Carmila nel cuore del territorio dei suoi Centri Commerciali così Carmila, società partecipata da Carrefour e proprietaria di 8 centri commerciali in tutta Italia, ha denominato l’iniziativa solidale pensata dopo aver ascoltato e condiviso l’azione su scala nazionale lanciata dalla Protezione Civile con l’ordinanza n. 658 del 29 marzo 2020.

 

 

La prossimità è il cardine concettuale di questa iniziativa, partita lo scorso 2 aprile nel centro commerciale Maremonti a Massa Carrara, e conclusasi la scorsa settimana al centro commerciale Brianza, in provincia di Milano, in una sorta di circuito virtuoso che ha visto protagonisti i diversi centri e le relative istituzioni e associazioni territoriali.

I centri sono entrati in contatto con chi nel proprio territorio di riferimento aiuta le famiglie più povere residenti nelle immediate vicinanze delle strutture, coinvolgendo così diverse sezioni delle politiche sociali comunali, associazioni come la Croce Rossa Italiana e anche di carattere religioso come la Caritas.

 

 

Carmila ha donato un totale di 370 carte regalo (gift card) di diversi tagli a seconda delle singole necessità locali e destinate ai nuclei familiari più in difficoltà per l’acquisto di generi alimentari e beni di prima necessità nell’ipermercato Carrefour di ciascun centro commerciale.

Maryse Beucher, direttore Carmila Italia

"La caratteristica principale della gestione dei nostri centri commerciali come Carmila è racchiusa nel termine prossimità –dichiara Maryse Beucher, direttore generale di Carmila Italia-. Per noi il concetto di prossimità rappresenta la parola chiave che guida il nostro operato e le scelte quotidiane come società proprietaria.
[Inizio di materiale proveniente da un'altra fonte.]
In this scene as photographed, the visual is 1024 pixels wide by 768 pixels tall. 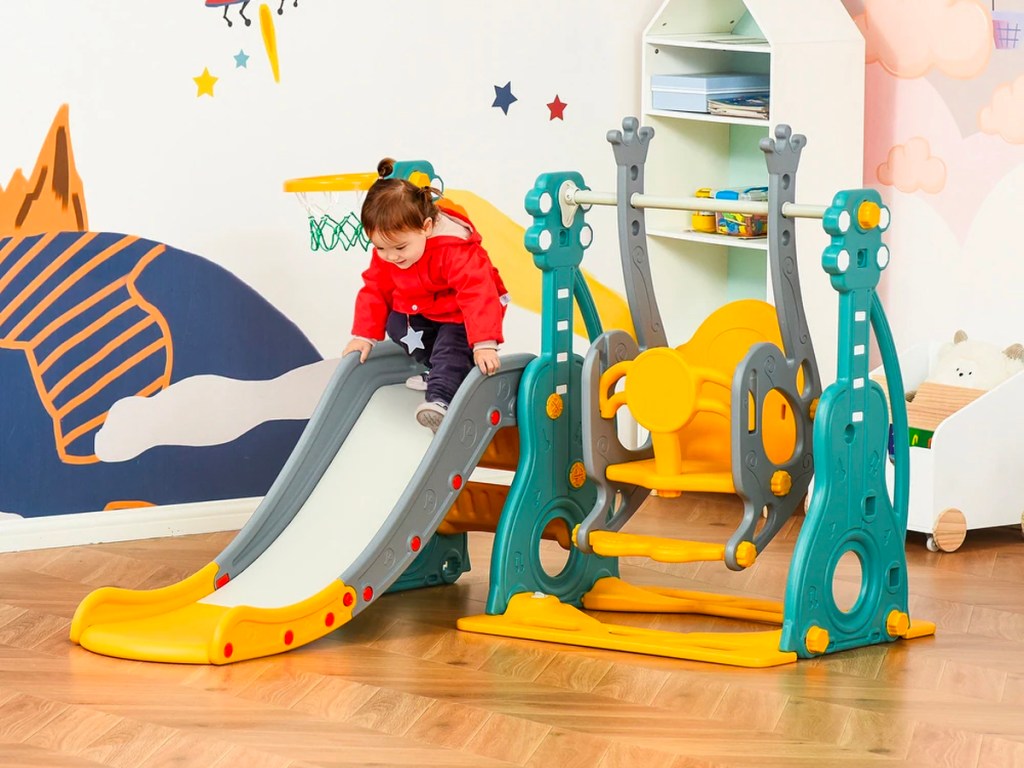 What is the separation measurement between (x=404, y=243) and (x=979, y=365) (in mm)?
1773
Tutti i nostri centri sono ben radicati nei loro territori: la nostra iniziativa esprime ancora una volta il nostro desiderio di vicinanza e di utilità sociale  Sono anche molto fiera dei nostri direttori che coltivano quotidianamente i rapporti con il territorio adiacente a ciascun centro e che in questo contesto hanno saputo privilegiare il canale più consono per arrivare ai nuclei familiari più in difficoltà".

"In questi giorni -aggiunge Beucher- stiamo lavorando, insieme ai nostri colleghi di Carrefour, alla messa in massima sicurezza dei nostri centri e alla realizzazione di iniziative a carattere sociale e assistenziale per i prossimi mesi, come la Spesa Sospesa che rappresenta solo l’ultima collaborazione di un rapporto ormai in essere più che ventennale con il Banco Alimentare. Siamo pronti ad affrontare la prossima fase insieme perché uniti ce la faremo".